These sentiments underlaid Jabotinsky’s whole career. The Betar, his uniformed youth movement, marched for—and before long fought for—a Jewish state with a Jewish majority, while Jabo agitated vigorously for his cause, from Palestine to Europe, North America to South Africa. In 1929, there was further grim violence in Palestine. The Revisionists had organized demonstrations at the Western Wall and, much as Ariel Sharon’s visit to the Temple Mount in September 2000 precipitated the second intifada, the demonstrations provoked anti-Jewish riots. In the view of the British high commissioner for Palestine, the Revisionists had “deliberately seized upon” the contested status of the Western Wall “and worked it for all it was worth, and converted a religious question into a political one.”

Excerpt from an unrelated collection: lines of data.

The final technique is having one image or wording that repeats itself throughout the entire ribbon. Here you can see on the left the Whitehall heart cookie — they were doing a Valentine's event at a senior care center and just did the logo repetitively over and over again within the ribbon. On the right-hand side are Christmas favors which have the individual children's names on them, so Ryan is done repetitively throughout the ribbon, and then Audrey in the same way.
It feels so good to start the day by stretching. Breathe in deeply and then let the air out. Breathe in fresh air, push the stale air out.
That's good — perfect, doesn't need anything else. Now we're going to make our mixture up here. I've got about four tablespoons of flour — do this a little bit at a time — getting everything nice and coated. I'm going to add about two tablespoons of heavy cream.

In a letter to the London Times in September 1929, Jabotinsky rebutted the charge of “extremism.” He placed the blame on the British authorities for not controlling Arab violence and on London for abandoning what he insisted were the principles of the mandate: “All the Revisionist demands are nothing else but this principle: the Mandate means a large-scale immigration of Jews maintained for a period sufficient to build up a Jewish country.” The Revisionists demanded “what we call a ‘colonisation regime.’”
After one fiery oration, another British official ruefully said that “Jabo’s speech is eloquent and logical, but certainly dangerous in its tendency so far as law and order are concerned,” which was true enough. The British decided not to prosecute him, but while he was visiting South Africa he was refused further admission to Palestine. He never saw Jerusalem again. After traveling to Poland to encourage the Revisionists there, and to warn that the Jews of Eastern Europe were on the brink of disaster, he went to the United States, where he died in August 1940.

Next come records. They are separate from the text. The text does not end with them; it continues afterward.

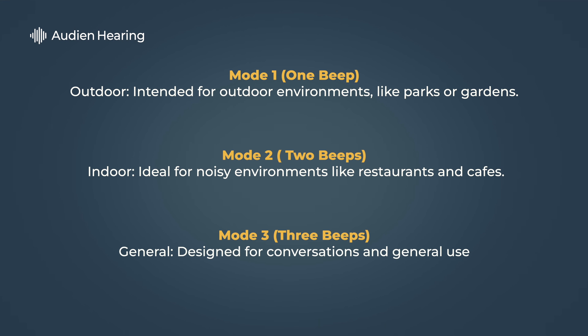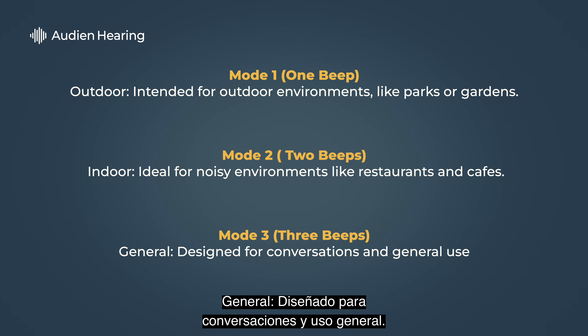Mode three: General, designed for conversations and general use.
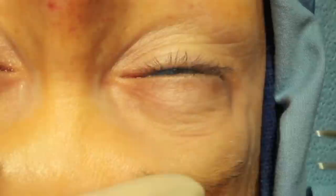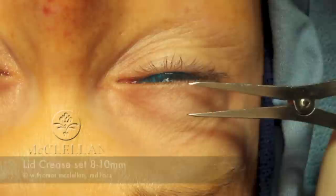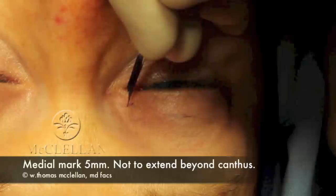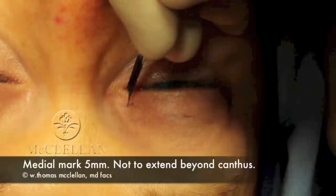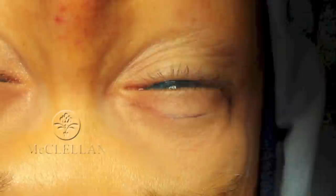These are the markings for the incision that I utilize. This starts at the central portion of the eye above the iris. I make a mark along the natural eyelid crease, which is typically between 8 and 10 millimeters. I then make a mark lateral to the lateral canthus by 6 millimeters and slightly cephalad of that. My medial mark is 5 millimeters in length and does not encroach upon the medial canthus. Then I join those together in a curve which follows the natural eyelid crease, until the medial and lateral are joined, as you can see here.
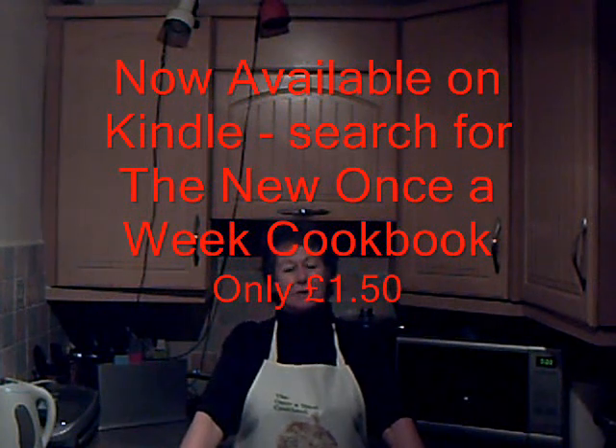Hello there, welcome back to the One Sweet Kitchen. I'm sorry I've not been doing videos for a while. I have been engrossed in reformatting my cookbook into Kindle format, because people have been having trouble downloading the link to PayPal to pay on my website.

Not long before his death, he engaged as his private secretary the young scholar Benzion Netanyahu, a notable medieval historian. Netanyahu remained an ardent Revisionist, living long enough to shock David Remnick, the current editor of the New Yorker, with his “outrageously reactionary table talk” and contempt “for Arabs, for Israeli liberals, for any Americans to the left of the neoconservatives.” Netanyahu died last year at age 102. He had three sons: the eldest, Jonathan, became an Israeli hero when he was killed leading the commando raid to rescue hostages at Entebbe in 1976; the youngest is a doctor and writer; and the middle son, Benjamin, might now claim to be Jabotinsky’s heir.
Today, Benjamin Netanyahu is seen widely as a leader of the Right (although in comparison with Avigdor Lieberman and others who have held office in Israel lately, Netanyahu could look moderate), and Israeli politics have long been categorized in terms of Left and Right, with the Revisionists cast as right-wing no-goodniks. That was so from the 1930s: with the rise of fascism, it became quite common to characterize Jabotinsky as a fascist, a word widely used by his Zionist foes. Rabbi Stephen Wise, a prominent liberal Jewish American of his day, called Revisionism “a species of fascism,” while David Ben-Gurion—the leader of the Labor Zionists in the Yishuv (the Jewish settlement in British Palestine) and then a founding father and first prime minister of Israel—referred to his foe privately as “Vladimir Hitler,” which didn’t leave much to the imagination. And to be sure, while Jabo called himself a free-market liberal with anarchist leanings, the oratory of Revisionism—“in blood and fire will Judea rise again”—and the visual rhetoric—the Betarim in their brown shirts marching and saluting—had alarming contemporary resonances.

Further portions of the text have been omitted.